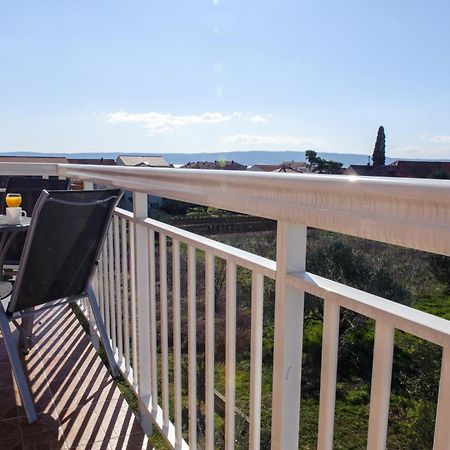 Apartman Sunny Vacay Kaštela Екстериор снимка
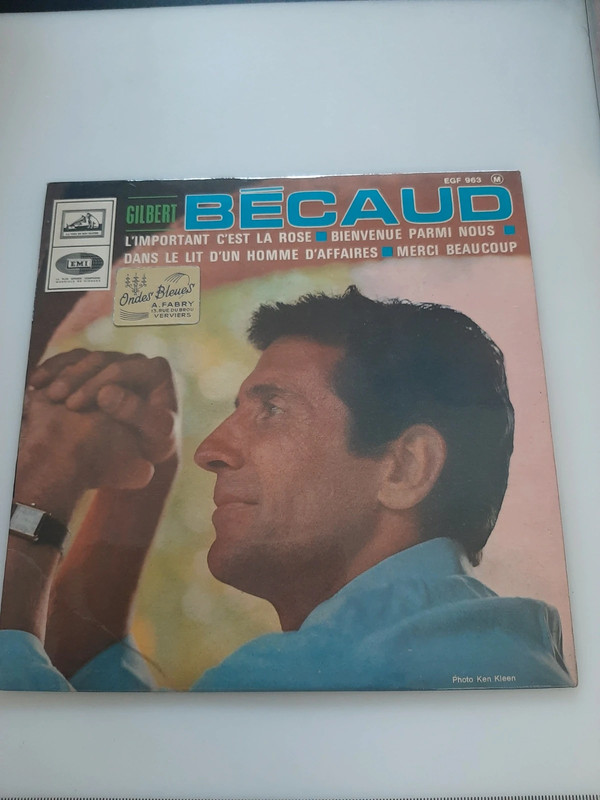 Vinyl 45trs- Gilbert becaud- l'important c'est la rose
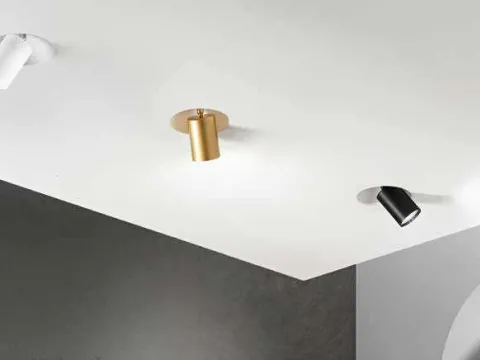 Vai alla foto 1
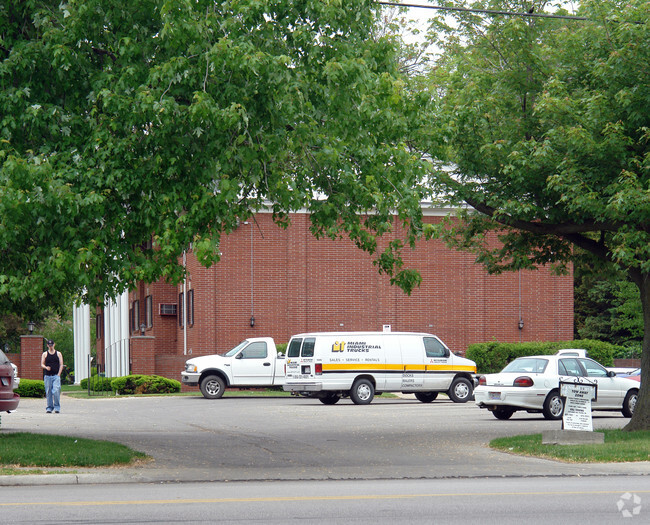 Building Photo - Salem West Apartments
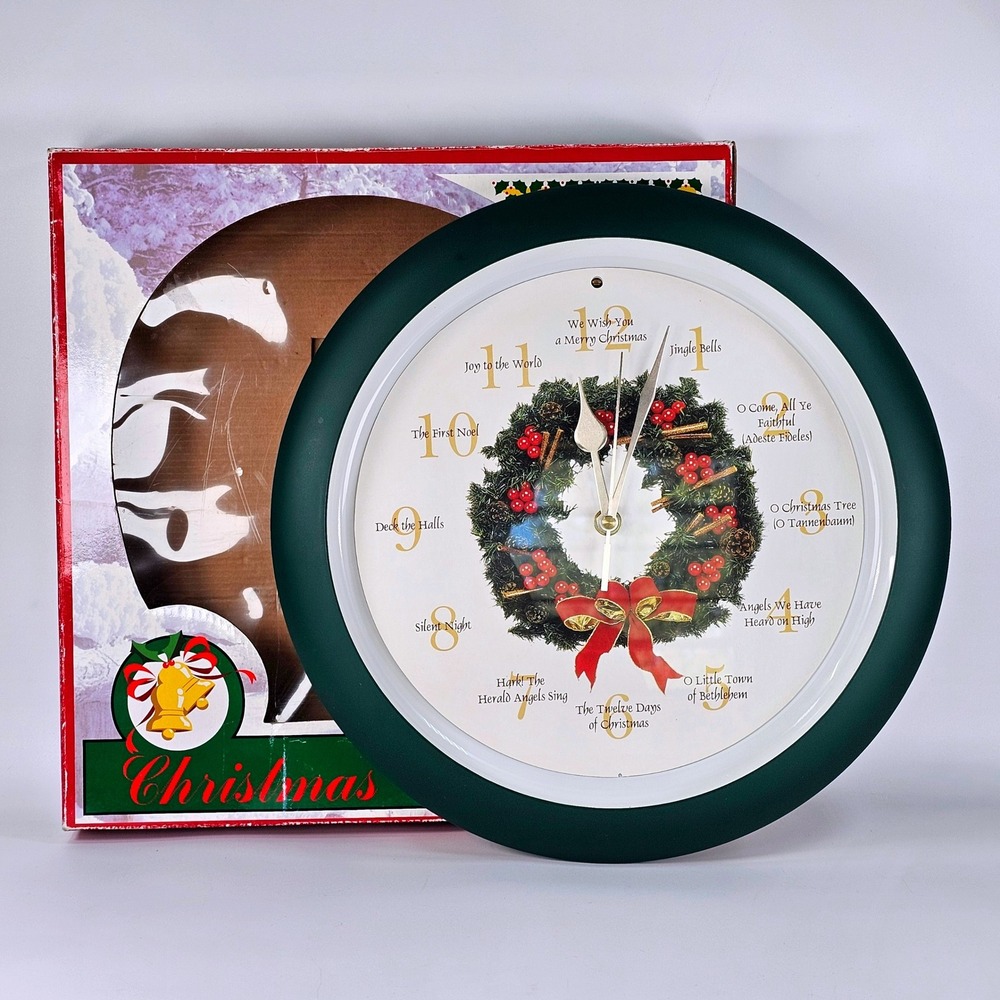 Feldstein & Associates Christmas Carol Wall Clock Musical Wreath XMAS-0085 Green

--

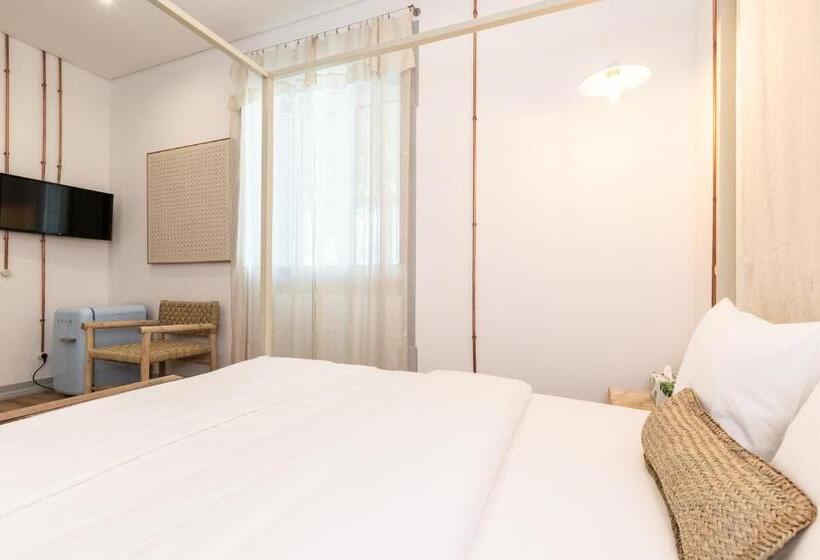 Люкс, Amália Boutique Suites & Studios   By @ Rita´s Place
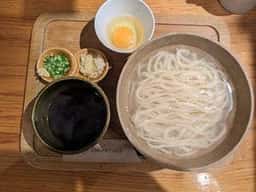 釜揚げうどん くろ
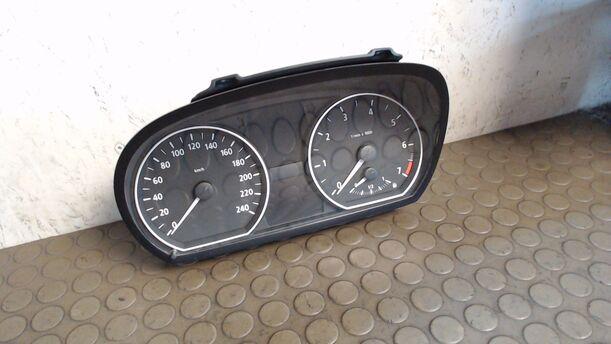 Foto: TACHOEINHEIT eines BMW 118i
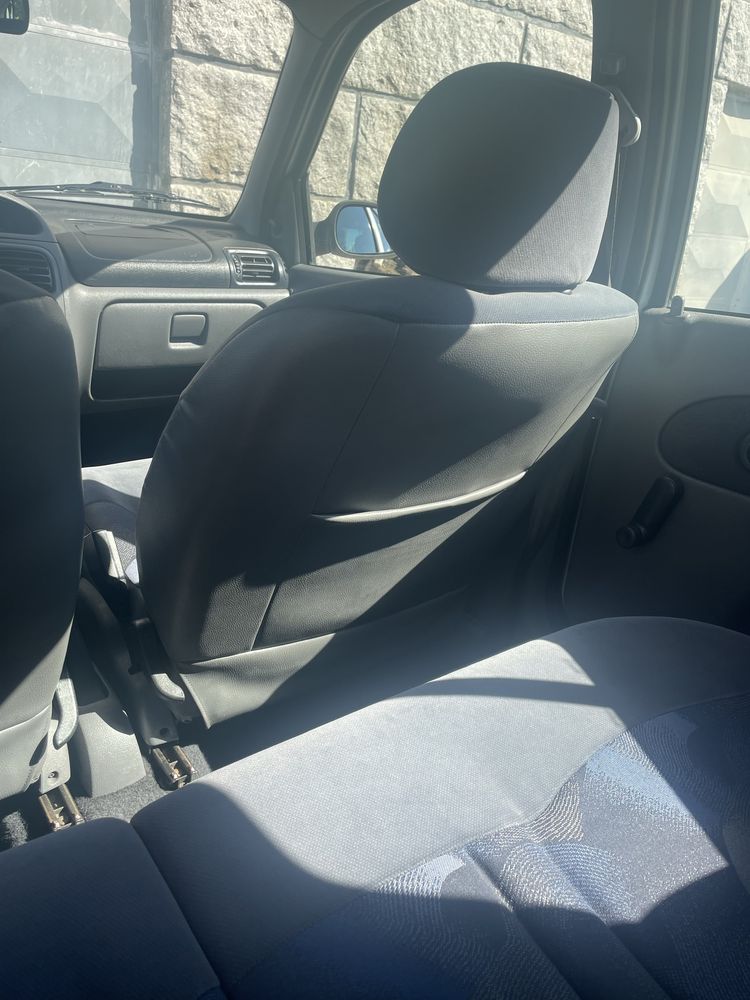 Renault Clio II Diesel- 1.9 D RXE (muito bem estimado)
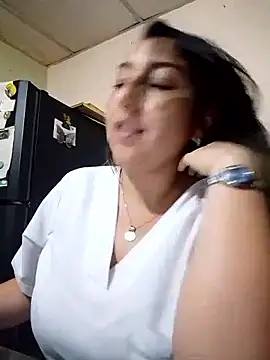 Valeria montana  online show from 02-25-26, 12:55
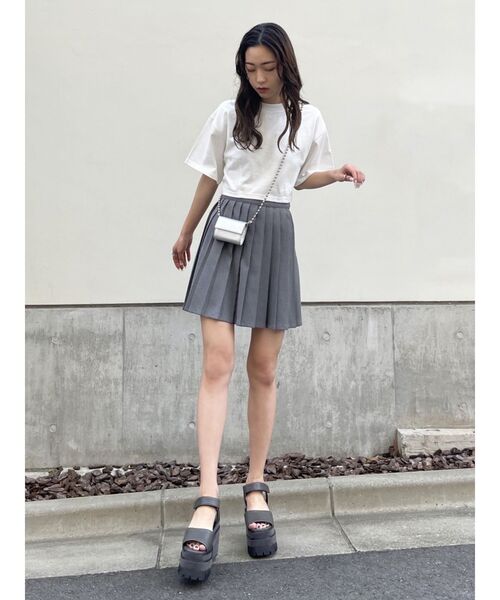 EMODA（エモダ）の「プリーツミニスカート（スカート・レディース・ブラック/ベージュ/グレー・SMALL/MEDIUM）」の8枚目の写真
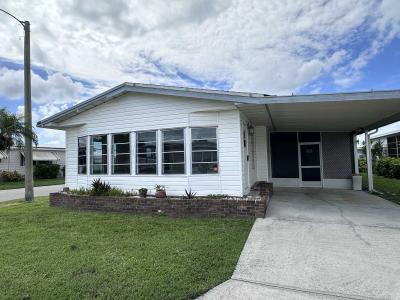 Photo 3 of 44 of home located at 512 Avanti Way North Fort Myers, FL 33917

* * *

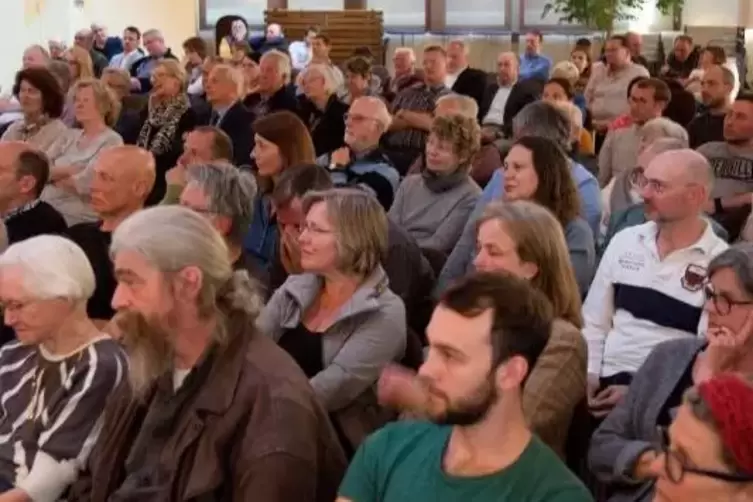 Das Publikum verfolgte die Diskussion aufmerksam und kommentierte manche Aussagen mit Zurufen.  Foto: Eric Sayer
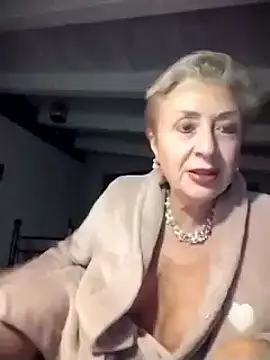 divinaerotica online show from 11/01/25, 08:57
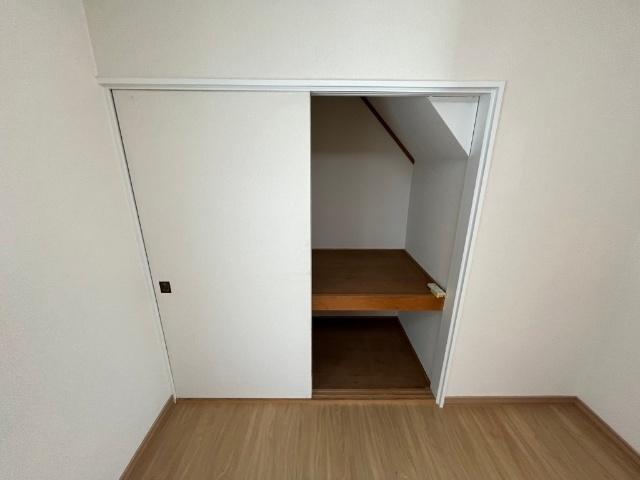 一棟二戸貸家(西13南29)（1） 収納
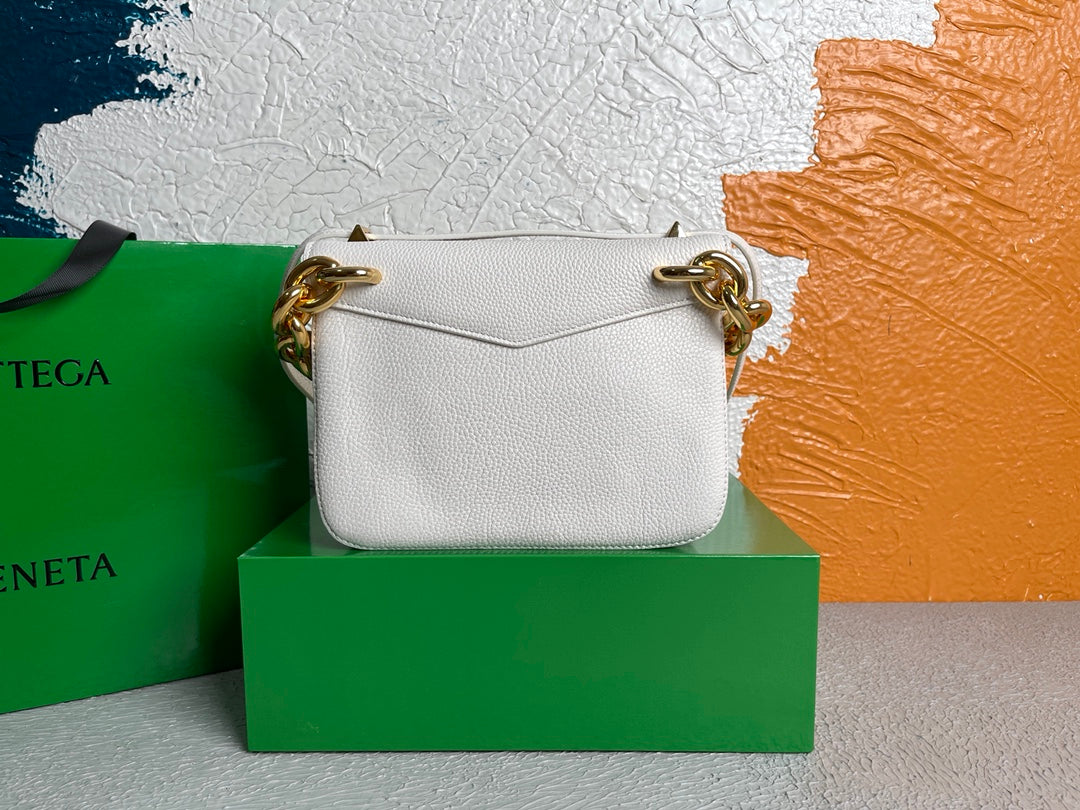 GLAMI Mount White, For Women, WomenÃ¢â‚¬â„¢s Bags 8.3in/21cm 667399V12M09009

- **Problem details**: Leave the pictures out. Output, exactly, the lines of the material above starting at the line containing "Vinyl 45trs- Gilbert" and ending at the line containing "Feldstein & Associates".

- **Written response**:
 Vinyl 45trs- Gilbert becaud- l'important c'est la rose
 Vai alla foto 1
 Building Photo - Salem West Apartments
 Feldstein & Associates Christmas Carol Wall Clock Musical Wreath XMAS-0085 Green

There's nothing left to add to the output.